- _TASK DETAILS_:
Looking only at the lines below that contain "Wool", give the number of them and no other text.

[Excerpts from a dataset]
══════════

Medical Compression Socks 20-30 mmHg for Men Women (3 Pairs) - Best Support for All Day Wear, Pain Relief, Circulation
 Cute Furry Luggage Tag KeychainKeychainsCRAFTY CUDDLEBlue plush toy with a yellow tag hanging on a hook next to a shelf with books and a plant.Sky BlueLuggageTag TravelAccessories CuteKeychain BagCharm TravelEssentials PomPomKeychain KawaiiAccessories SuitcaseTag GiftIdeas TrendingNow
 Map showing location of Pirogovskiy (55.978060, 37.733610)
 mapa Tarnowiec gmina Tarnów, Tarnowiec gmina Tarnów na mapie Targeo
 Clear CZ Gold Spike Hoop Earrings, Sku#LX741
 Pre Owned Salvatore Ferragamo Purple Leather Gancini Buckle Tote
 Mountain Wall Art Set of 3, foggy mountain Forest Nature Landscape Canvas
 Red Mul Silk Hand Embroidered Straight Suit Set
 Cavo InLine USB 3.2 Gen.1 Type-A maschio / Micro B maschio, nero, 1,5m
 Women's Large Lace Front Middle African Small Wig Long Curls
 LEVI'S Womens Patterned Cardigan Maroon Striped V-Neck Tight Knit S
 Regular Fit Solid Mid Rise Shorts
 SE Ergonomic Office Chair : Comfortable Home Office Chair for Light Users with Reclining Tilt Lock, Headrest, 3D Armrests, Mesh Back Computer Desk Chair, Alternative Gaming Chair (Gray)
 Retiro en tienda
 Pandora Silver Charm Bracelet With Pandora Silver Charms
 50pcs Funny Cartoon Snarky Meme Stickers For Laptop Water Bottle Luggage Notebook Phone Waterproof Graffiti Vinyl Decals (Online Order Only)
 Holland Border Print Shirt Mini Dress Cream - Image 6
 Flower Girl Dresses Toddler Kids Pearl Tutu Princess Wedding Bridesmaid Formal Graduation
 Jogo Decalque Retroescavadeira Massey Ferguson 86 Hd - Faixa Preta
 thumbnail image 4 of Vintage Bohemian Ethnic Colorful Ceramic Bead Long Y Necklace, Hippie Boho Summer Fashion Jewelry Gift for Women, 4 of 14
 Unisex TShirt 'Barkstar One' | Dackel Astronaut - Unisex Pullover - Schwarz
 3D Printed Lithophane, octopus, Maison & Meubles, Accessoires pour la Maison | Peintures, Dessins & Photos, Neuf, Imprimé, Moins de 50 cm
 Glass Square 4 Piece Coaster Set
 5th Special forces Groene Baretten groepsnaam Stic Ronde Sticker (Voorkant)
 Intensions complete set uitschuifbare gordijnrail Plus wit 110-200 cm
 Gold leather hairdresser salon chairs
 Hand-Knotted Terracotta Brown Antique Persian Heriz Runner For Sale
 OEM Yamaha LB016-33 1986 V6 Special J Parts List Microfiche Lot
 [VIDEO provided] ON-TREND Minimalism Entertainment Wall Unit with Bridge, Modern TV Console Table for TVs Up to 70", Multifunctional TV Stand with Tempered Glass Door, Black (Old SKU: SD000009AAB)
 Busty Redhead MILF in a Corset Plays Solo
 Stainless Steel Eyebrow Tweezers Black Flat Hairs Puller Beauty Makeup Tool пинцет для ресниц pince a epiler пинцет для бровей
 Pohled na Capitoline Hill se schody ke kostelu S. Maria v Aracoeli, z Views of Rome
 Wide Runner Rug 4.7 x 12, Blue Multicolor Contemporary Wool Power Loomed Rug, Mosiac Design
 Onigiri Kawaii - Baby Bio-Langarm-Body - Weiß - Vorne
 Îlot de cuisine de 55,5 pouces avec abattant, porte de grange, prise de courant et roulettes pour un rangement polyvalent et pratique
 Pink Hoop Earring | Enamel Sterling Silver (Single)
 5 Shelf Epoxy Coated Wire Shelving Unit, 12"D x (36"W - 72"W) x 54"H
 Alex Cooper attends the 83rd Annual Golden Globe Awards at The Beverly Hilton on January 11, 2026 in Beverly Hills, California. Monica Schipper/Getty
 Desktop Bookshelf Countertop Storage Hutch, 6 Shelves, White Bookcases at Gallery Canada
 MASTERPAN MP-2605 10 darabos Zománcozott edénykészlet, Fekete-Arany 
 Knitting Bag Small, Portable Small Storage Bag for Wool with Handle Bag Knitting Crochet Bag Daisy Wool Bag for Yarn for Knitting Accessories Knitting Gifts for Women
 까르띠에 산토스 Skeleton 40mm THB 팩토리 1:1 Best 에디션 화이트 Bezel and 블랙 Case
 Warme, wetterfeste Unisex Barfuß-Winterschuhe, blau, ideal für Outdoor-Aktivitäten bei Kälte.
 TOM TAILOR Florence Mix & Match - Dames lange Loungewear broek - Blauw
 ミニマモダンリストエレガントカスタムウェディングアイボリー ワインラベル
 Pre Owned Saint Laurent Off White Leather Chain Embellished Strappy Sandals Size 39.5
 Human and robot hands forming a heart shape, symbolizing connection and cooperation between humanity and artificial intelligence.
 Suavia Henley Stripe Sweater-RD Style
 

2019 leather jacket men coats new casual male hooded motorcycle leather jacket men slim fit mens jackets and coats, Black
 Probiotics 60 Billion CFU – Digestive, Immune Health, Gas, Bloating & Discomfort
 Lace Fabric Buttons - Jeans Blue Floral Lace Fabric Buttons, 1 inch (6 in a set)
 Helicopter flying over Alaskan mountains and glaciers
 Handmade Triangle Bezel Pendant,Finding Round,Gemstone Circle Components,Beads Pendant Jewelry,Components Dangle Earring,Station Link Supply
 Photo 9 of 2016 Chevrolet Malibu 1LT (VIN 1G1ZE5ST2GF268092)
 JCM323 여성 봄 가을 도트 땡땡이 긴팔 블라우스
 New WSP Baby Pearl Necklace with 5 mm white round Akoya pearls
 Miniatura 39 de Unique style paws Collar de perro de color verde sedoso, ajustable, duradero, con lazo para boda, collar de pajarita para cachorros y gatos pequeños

══════════

- _RESPONSE AREA_:
2